If more dynamic resolution is needed, the signal can be amplified, or an ADC with higher resolution can be used. There are trade-offs with either method. An analog amplifier can introduce noise while a higher resolution ADC results in a more expensive device. There is a signal processing technique that can boost dynamic resolution through oversampling.

Instrumentation: Data Acquisition: Sampling Rate

When a dynamic process such as vibration has to be studied it is important to perform measurements correctly. The data acquisition process converts an analog signal obtained from a sensor into a discrete function. This is done by sampling the signal at equal intervals. The speed at which the sampling takes place is called sampling rate. Why do it? Because the resulting data is very convenient to transmit, process and store.

The faster the sampling rate, the closer the digital function is to the original signal. So, what sampling rate is really needed? It depends on the highest frequency of interest. Technically, the sampling rate has to be at least twice the highest frequency of interest. The ratio used in the industry is 2.56, which is called Nyquist factor. This means that if the highest frequency we would like to study is 1000 Hz, the sampling rate has to be at least 2560 samples per second.

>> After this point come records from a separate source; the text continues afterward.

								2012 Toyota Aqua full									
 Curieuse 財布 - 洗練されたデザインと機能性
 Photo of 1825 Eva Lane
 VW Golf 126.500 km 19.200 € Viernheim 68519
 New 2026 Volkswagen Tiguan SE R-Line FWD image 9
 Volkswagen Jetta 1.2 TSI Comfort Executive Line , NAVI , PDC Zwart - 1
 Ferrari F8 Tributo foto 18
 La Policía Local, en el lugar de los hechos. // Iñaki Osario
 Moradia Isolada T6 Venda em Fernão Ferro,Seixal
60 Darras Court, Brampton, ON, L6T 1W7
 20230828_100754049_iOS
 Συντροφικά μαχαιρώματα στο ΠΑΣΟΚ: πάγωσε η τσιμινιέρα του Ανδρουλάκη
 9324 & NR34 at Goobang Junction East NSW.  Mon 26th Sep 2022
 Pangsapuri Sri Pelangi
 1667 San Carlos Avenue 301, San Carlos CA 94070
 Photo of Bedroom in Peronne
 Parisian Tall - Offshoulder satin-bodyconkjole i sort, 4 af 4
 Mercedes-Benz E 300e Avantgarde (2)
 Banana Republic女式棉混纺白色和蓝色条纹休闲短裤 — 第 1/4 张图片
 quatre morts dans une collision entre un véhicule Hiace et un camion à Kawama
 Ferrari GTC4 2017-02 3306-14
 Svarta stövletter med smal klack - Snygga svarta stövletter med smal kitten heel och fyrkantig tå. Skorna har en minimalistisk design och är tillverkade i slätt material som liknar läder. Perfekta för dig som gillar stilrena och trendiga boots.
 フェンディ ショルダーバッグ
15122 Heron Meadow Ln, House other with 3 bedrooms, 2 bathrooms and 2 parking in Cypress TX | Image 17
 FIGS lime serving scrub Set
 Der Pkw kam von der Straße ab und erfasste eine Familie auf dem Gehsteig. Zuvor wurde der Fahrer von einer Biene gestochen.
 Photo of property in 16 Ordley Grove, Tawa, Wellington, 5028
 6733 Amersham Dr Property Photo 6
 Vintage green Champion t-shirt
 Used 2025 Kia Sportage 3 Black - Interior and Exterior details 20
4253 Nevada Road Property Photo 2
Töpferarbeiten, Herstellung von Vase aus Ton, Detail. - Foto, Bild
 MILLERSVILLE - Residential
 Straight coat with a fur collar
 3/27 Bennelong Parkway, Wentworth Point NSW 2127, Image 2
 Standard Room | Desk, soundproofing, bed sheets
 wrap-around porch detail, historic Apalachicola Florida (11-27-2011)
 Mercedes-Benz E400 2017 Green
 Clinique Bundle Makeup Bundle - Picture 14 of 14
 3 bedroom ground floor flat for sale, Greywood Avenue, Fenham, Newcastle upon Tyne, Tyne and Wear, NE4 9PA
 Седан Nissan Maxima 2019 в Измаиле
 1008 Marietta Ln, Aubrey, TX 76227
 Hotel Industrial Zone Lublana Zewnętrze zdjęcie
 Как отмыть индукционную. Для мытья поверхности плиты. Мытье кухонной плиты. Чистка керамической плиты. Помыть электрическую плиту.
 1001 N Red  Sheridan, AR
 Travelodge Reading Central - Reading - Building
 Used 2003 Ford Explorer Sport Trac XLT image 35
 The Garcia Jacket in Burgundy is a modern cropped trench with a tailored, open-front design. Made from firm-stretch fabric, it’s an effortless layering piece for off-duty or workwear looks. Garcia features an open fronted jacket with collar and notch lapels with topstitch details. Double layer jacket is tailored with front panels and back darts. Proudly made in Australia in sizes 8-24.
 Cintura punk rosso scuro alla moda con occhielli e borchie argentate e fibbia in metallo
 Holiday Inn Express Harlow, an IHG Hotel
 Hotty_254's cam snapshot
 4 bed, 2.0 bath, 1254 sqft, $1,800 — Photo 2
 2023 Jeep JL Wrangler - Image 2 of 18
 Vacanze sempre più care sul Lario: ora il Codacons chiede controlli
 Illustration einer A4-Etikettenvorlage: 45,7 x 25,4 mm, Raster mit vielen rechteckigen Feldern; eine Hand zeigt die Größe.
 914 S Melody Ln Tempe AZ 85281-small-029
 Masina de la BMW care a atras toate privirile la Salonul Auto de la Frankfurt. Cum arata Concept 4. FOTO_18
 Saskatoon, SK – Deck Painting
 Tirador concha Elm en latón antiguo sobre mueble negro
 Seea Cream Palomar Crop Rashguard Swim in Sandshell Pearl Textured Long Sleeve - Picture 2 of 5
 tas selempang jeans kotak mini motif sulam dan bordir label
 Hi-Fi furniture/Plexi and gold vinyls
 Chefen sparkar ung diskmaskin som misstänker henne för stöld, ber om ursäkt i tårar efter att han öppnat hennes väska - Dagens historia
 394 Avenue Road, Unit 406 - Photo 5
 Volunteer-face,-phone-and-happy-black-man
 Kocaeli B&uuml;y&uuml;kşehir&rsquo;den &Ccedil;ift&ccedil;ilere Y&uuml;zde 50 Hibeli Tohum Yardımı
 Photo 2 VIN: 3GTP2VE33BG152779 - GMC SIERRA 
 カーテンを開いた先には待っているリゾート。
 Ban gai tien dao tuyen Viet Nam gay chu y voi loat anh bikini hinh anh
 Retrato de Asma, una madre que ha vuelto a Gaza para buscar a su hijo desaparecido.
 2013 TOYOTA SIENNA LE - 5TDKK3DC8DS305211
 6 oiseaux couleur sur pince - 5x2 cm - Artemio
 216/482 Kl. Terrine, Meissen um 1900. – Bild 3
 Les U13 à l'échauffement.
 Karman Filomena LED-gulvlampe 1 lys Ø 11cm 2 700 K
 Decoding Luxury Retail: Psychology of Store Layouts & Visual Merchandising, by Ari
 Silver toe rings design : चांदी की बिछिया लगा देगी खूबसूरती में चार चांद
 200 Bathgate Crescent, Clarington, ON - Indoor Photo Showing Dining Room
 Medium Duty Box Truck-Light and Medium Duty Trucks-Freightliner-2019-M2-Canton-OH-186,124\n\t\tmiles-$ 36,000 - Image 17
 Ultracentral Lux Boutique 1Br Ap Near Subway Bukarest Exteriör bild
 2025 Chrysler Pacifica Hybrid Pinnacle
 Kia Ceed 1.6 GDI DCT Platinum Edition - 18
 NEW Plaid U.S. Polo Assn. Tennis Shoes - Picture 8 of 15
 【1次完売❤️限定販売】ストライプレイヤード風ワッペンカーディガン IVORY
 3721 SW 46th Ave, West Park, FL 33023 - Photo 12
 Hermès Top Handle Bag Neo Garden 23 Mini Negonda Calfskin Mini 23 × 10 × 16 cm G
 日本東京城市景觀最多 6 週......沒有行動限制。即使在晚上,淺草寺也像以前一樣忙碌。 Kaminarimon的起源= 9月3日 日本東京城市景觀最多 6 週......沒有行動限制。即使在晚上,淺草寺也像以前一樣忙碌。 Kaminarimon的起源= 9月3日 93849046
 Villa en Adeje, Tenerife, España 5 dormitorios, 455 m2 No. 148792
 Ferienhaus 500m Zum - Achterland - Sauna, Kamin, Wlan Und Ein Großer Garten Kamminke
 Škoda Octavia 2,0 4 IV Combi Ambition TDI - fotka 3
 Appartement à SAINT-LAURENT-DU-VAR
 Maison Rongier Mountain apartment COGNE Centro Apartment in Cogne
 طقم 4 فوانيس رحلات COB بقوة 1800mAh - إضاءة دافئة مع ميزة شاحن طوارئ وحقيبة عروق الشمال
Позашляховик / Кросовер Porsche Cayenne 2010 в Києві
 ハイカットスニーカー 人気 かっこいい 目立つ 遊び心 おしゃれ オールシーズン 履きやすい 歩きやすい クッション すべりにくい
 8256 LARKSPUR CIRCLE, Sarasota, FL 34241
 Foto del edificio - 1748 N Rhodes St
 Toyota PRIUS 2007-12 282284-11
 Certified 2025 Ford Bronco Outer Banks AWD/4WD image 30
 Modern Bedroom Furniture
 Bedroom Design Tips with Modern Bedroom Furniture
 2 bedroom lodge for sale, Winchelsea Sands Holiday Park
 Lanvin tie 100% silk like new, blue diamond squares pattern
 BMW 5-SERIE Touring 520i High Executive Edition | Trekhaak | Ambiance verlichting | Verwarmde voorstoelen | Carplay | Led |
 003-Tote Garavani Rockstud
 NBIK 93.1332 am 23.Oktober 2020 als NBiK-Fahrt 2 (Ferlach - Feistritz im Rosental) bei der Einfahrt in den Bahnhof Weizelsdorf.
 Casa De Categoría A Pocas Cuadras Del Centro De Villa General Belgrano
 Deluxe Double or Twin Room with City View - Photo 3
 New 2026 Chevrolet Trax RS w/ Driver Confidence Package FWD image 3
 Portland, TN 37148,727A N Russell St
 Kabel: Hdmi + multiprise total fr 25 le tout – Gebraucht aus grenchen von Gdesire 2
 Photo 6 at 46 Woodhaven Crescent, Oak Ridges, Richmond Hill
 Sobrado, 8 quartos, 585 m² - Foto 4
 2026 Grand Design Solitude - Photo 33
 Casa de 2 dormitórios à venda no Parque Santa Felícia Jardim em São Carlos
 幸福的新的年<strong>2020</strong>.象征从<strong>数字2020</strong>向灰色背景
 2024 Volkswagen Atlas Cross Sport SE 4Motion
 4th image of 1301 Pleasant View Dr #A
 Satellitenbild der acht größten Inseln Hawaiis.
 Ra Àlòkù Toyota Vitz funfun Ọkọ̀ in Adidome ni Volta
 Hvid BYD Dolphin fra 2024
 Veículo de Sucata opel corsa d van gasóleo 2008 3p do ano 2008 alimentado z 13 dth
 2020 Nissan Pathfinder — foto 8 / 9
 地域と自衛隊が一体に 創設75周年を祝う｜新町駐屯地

Now, how much data do we have to collect to have enough to calculate a spectrum? This depends on the spectrum resolution we are trying to achieve. At 800 lines per spectrum we will need 800*2.56=2048 samples. Here, again we multiply by the same Nyquist factor. Time needed to collect the samples we need is found by dividing the number of samples by the sampling rate: 2048/2560=0.8 seconds. It is easy to see that at lower frequencies and higher spectrum resolution it might take quite a while to collect the data. That is why it is sometimes takes so long to acquire a data set.